Kalshi and Polymarket Data Go Live on Dune for Macro Signals
Kalshi and Polymarket, two of the most prominent prediction markets, have unified their data on the Dune platform, creating a powerful resource for macro and equity research. The integration, announced on May 21, 2026, offers traders and analysts a clean signal source with hourly candlestick price data, position-level trades, and four years of resolved history.
The move simplifies access to prediction market data that was previously fragmented across different APIs and on-chain indexers. By unifying the datasets under a single schema, Dune allows users to seamlessly query and backtest macroeconomic signals, equity outcomes, and broader geopolitical events. According to Dune, this eliminates months of engineering work typically needed to integrate such data streams into a research stack.
Why This Data Matters
Prediction markets like Kalshi and Polymarket price real-world events such as Federal Reserve rate decisions, corporate earnings thresholds, and geopolitical crises. These markets enable participants to trade binary contracts tied to specific outcomes, with probabilities constantly updated based on market sentiment and capital flows. This data is now accessible via Dune for SQL-based queries or direct warehouse delivery, providing actionable insights for macro desks, equity researchers, and quantitative analysts.

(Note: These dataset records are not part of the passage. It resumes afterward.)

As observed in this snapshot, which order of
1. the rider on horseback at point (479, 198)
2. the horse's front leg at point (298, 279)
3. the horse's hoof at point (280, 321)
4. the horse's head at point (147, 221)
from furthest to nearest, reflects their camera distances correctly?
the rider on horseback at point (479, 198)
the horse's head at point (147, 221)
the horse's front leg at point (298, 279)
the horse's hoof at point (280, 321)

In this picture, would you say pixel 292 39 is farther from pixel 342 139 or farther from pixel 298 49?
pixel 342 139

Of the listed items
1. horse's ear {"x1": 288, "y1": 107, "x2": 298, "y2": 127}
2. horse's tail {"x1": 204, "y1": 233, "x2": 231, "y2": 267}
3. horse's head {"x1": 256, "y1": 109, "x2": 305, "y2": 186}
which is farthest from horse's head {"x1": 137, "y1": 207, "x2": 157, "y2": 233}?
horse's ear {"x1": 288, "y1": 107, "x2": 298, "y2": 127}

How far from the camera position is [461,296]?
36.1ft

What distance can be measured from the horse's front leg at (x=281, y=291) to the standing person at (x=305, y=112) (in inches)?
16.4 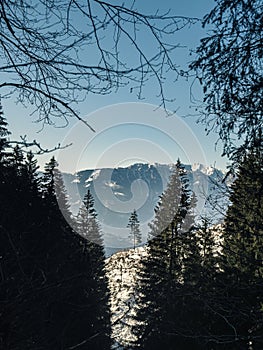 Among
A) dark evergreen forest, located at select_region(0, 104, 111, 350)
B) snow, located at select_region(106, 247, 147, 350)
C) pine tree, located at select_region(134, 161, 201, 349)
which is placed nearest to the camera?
dark evergreen forest, located at select_region(0, 104, 111, 350)

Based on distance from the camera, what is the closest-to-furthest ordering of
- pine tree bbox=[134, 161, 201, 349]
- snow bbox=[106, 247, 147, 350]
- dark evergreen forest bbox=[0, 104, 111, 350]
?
1. dark evergreen forest bbox=[0, 104, 111, 350]
2. snow bbox=[106, 247, 147, 350]
3. pine tree bbox=[134, 161, 201, 349]

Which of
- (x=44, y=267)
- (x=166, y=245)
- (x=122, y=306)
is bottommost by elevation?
(x=166, y=245)

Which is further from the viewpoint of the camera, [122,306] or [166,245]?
[166,245]

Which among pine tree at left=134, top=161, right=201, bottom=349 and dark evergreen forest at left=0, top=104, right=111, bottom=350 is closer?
dark evergreen forest at left=0, top=104, right=111, bottom=350

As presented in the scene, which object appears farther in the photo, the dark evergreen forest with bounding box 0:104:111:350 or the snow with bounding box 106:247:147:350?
the snow with bounding box 106:247:147:350

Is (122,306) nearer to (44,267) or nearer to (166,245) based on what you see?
(44,267)

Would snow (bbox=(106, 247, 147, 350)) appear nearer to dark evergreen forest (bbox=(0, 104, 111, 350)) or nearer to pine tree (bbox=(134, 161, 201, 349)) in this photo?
dark evergreen forest (bbox=(0, 104, 111, 350))

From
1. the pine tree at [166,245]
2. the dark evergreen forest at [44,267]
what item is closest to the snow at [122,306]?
the dark evergreen forest at [44,267]

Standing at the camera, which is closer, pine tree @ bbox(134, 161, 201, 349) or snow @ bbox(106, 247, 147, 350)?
snow @ bbox(106, 247, 147, 350)

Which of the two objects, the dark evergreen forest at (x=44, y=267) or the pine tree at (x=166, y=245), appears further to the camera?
the pine tree at (x=166, y=245)

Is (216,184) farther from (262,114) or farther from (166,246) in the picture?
(166,246)

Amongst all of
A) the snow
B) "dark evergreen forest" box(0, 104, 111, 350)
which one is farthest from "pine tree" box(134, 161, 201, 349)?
"dark evergreen forest" box(0, 104, 111, 350)

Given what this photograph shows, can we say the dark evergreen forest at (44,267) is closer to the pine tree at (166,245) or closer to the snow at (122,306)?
the snow at (122,306)

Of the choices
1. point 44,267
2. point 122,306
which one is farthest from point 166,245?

Kalshi, backed by over $1.2 billion in recent funding, operates as a U.S. CFTC-regulated exchange. Its data includes granular contract details on key macro events, such as every Federal Reserve meeting and CPI release since mid-2021. Polymarket, an on-chain platform running on Polygon, adds wallet-level trade data, offering unique insights into 'smart-money' positioning and event-specific volatility analysis.
Use Cases Across Markets
With this integration, traders can explore how prediction markets price critical events across multiple sectors:
- Macro: Federal Reserve rate decisions, debt ceiling negotiations, and CPI prints provide data to predict market shifts and position portfolios accordingly.
- Equities: Single-name strike probabilities for companies like Apple (AAPL), Nvidia (NVDA), and Tesla (TSLA) offer signals for earnings outcomes and sector rotation.
- Crypto: Polymarket data integrates with existing on-chain datasets on Dune, providing insights into crypto price thresholds, ETF approvals, and token governance.
- Geopolitics: Pricing of conflict outcomes or trade decisions offers actionable signals for energy and defense stocks, as well as commodities.
The repository also supports backtesting, allowing users to evaluate how prediction markets have performed historically. For example, hedge funds can analyze Kalshi’s strike ladder data to forecast the WTI crude oil front-month close or assess how Polymarket priced volatility in Nvidia’s stock ahead of critical events.
The Bigger Picture
This integration comes as prediction markets are gaining mainstream traction. Kalshi, valued at $22 billion after its recent $1.2 billion funding round, has seen rapid growth, with reported weekly trading volumes reaching $2 billion in early 2026. The company is positioning itself as a serious financial exchange rather than a gambling platform, leveraging its federal regulatory status to expand its user base in macro and equity trading.
As of now, Dune users can access Kalshi and Polymarket data for free, with advanced features like intrabar volatility modeling and wallet attribution available under enterprise subscriptions. This development underscores the increasing role of prediction markets in providing actionable signals for traditional financial markets, further blurring the line between decentralized finance and institutional trading.
For traders and researchers eager to explore this data, Dune offers interactive dashboards and SQL-based queries on its prediction markets collection. The integration not only democratizes access to historical and real-time data but also enhances the analytical capabilities of anyone looking to trade on macro and equity signals derived from real-world event probabilities.